Moreover, the Congressional Research Service found that there is a “high risk for civil rights violations . . . if state and local police do not obtain the requisite knowledge, training, and experience in dealing with the enforcement of immigration laws. Moreover, suspects of immigration violations may become victims of ‘racial profiling’ . . . .” Even international human rights bodies that the U.S. government helped create insist that, in order for the U.S. to comply with its obligations under the International Convention on Civil and Political Rights (which the U.S. ratified in 1992), only agents who have received adequate training on immigration should be granted the ability to enforce immigration laws. Neither Arizona’s SB 1070 nor federal programs that rely on state and local police to enforce immigration laws provide training that international or domestic civil rights monitors would find adequate.
Arizona’s SB 1070 and immigration enforcement actions by law enforcement under “inherent authority” will result in racial profiling—an unfortunately predictable result that is due to the federal government’s failure to maintain control of immigration enforcement. By actively transferring federal authority to the states to enforce civil immigration laws through programs like the 287(g) Program and the Secure Communities Initiative, the federal government has set the stage for a law like SB 1070 to pass.
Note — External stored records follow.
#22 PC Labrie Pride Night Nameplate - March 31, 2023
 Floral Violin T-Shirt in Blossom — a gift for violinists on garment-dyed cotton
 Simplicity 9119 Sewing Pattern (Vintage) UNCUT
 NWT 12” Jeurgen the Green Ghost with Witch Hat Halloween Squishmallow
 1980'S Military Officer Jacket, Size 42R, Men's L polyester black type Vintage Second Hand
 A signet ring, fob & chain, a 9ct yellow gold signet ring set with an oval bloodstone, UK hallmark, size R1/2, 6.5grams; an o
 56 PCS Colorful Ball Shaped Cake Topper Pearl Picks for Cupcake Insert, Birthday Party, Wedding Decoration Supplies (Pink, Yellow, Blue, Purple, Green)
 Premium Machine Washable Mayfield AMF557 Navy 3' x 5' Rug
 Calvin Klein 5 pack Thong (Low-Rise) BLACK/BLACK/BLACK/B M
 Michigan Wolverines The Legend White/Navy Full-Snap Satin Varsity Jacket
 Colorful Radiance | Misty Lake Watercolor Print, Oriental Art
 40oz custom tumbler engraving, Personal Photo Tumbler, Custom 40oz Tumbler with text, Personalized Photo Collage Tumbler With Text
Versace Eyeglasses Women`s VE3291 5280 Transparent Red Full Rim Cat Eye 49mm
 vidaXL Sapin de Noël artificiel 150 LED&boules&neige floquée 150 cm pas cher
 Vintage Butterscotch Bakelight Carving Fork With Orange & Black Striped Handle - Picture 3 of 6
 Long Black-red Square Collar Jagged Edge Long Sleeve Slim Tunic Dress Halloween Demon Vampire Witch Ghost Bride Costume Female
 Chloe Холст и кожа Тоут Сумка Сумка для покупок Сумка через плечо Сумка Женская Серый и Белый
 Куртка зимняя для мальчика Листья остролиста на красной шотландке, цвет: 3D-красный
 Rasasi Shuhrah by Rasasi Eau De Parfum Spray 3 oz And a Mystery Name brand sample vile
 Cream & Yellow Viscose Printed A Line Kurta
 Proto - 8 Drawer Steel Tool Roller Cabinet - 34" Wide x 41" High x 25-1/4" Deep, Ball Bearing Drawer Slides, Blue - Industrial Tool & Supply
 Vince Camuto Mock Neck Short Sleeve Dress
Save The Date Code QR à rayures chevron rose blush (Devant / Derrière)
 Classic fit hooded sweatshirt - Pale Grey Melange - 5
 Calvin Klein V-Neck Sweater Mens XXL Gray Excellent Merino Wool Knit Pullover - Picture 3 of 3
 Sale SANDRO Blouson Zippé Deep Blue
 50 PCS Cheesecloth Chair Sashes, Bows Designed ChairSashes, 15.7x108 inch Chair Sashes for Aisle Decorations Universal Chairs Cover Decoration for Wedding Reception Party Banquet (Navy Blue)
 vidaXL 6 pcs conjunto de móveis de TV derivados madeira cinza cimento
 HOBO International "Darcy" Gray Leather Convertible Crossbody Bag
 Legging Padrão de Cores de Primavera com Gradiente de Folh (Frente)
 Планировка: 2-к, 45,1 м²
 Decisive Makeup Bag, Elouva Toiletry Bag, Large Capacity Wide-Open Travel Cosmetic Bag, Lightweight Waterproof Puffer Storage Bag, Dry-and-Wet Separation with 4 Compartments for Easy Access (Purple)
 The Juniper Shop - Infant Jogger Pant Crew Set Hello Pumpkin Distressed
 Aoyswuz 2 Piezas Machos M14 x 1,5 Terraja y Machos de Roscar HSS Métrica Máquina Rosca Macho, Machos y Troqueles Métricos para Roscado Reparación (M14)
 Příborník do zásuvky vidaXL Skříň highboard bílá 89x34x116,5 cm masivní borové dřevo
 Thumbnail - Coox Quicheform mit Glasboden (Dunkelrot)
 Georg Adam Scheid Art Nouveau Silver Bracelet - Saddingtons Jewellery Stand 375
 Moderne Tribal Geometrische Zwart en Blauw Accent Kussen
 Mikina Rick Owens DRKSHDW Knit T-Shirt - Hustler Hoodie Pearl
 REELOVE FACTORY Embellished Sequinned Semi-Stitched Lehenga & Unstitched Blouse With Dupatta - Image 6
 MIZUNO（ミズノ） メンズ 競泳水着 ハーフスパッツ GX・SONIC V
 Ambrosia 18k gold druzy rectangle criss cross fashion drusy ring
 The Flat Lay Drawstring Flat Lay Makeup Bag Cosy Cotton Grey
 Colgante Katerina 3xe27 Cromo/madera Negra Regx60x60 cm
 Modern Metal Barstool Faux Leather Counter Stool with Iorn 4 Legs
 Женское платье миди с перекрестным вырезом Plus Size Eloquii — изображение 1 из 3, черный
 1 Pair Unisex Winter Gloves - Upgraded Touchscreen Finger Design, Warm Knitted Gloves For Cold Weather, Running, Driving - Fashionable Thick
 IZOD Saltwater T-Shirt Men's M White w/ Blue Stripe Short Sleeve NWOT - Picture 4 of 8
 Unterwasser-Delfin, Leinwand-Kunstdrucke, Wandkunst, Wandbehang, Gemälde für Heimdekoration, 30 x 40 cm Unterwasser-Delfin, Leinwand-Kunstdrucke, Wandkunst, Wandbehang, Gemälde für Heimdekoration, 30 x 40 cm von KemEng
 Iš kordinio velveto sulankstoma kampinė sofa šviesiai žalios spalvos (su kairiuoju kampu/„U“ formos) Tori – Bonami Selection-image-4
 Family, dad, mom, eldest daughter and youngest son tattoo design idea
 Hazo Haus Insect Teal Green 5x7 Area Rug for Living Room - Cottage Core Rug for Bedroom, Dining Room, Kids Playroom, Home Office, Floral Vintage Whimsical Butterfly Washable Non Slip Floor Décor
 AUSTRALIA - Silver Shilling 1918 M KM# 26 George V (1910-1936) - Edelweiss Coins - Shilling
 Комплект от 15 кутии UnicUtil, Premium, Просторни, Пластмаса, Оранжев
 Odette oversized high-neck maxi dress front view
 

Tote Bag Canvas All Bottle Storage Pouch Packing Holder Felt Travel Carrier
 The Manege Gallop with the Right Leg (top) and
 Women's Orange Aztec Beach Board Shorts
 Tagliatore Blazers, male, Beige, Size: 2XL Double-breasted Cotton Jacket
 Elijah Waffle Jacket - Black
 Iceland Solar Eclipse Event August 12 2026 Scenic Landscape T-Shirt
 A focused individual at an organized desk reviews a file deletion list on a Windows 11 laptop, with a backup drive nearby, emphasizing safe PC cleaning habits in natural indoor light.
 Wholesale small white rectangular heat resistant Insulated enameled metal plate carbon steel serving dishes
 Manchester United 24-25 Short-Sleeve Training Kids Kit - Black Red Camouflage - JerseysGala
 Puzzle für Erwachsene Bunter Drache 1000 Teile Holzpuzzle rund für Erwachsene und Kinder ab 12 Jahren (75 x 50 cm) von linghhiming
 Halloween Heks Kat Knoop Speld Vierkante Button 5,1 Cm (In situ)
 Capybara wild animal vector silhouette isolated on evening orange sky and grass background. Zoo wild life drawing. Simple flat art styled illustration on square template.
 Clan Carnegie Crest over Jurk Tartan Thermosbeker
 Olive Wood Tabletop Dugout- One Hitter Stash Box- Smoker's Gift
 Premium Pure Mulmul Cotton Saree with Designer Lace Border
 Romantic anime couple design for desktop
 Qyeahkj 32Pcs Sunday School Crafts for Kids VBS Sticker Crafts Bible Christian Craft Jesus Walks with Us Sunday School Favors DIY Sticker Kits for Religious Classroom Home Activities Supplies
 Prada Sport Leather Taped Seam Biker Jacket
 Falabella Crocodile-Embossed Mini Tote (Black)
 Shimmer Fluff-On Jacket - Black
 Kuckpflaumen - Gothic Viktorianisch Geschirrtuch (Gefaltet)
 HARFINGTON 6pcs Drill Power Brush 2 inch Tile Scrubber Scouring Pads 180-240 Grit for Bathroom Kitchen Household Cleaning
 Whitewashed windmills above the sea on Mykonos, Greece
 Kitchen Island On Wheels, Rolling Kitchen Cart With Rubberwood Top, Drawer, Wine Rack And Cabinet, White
This should not be a partisan issue. Former Republican Governor of Florida Jeb Bush and Republican Congressman Connie Mack (representing Florida’s 14th congressional district) have acknowledged the burdens and significant civil liberties issues, including potential constitutional rights violations, placed on law enforcement by measures like SB 1070 that implicate state and local law enforcement in federal immigration work. Only federal agents should have the authority to enforce federal immigration laws. It’s time that the Obama Administration gets serious about reclaiming the federal government’s exclusive authority over immigration enforcement, lest other anti-immigrant laws like Arizona’s SB 1070 are unleashed across the country and create a patchwork of conflicting systems of rights and restrictions for non-citizens. The Administration should:
· rescind the 2002 DOJ Office of Legal Counsel (OLC) “inherent authority” memo that reversed historical trends to keep state and local law enforcement out of federal civil immigration work and the OLC should issue a new memo clarifying that state and local law enforcement agents may not enforce federal immigration laws absent formal authority granted to them by the federal government;
· revise the Department of Justice’ June 2003 guidance on racial profiling to eliminate the loopholes created for national security and border searches, to include religion and national origin as protected classes, to apply the guidance to state and local law enforcement agencies, and to make the Guidance enforceable in a court of law;
· terminate the 287(g) program and all other federal immigration enforcement programs that rely on state and local criminal justice systems, including the Secure Communities Initiative and the Criminal Alien Program; and
· urge Congress to introduce and pass meaningful federal legislation prohibiting racial profiling. Congress must also do its part to introduce and pass this bill.
The Rights Working Group (RWG) is a national coalition of immigrant rights, human rights, civil liberties and national security organizations that formed after September 11th, 2001 and committed to guaranteeing human rights protections for all people in the United States.